The task – Pictures appear among the records below and must be omitted. Repeat exactly the lines from the line with "Danna Paola con su mascota.jpg" to the line with "New 2026 BMW i4 eDrive40 RWD image 18", both included.

Excerpted records –
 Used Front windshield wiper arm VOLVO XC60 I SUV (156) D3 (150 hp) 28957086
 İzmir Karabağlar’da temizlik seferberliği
==
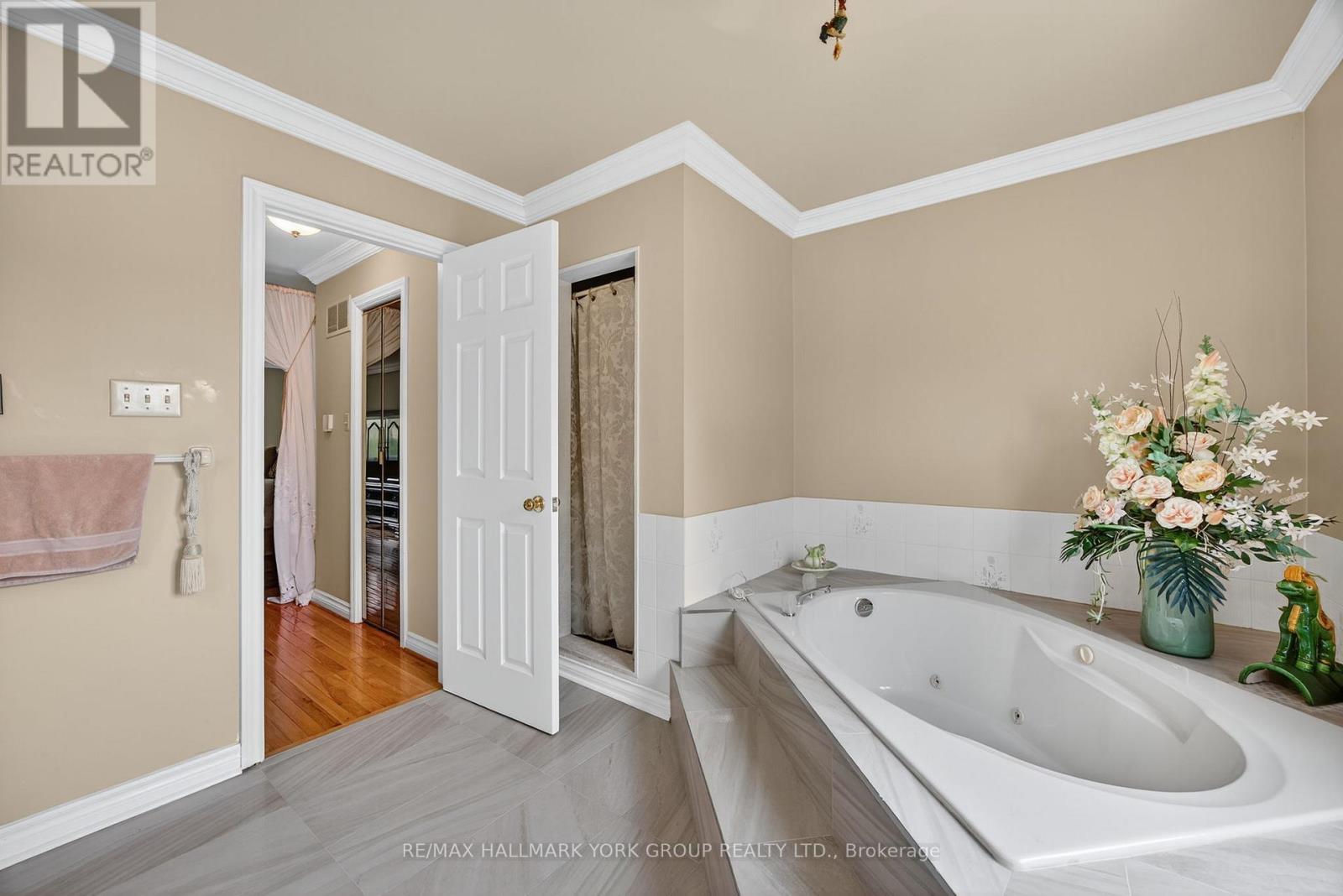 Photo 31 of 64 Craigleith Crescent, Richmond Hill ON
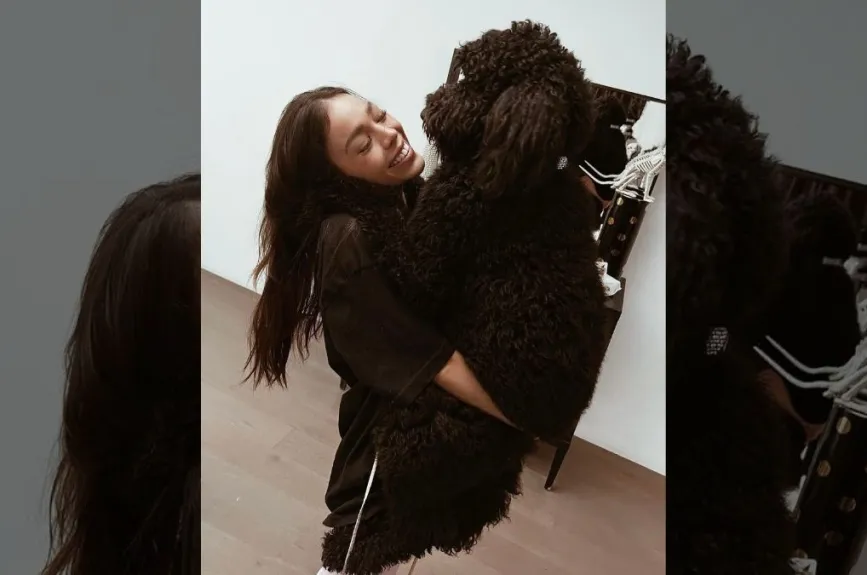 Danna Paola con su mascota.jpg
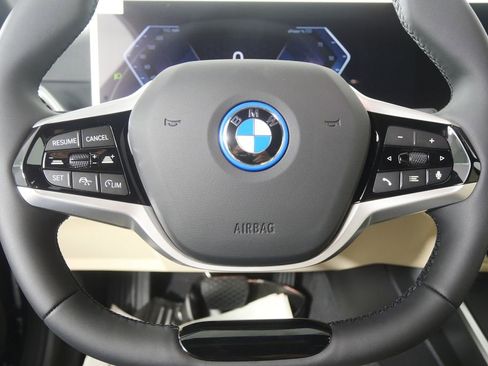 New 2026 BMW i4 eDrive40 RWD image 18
--
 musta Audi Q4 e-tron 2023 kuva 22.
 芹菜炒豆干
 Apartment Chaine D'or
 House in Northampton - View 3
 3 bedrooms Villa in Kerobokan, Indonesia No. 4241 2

Task result –
 Danna Paola con su mascota.jpg
 New 2026 BMW i4 eDrive40 RWD image 18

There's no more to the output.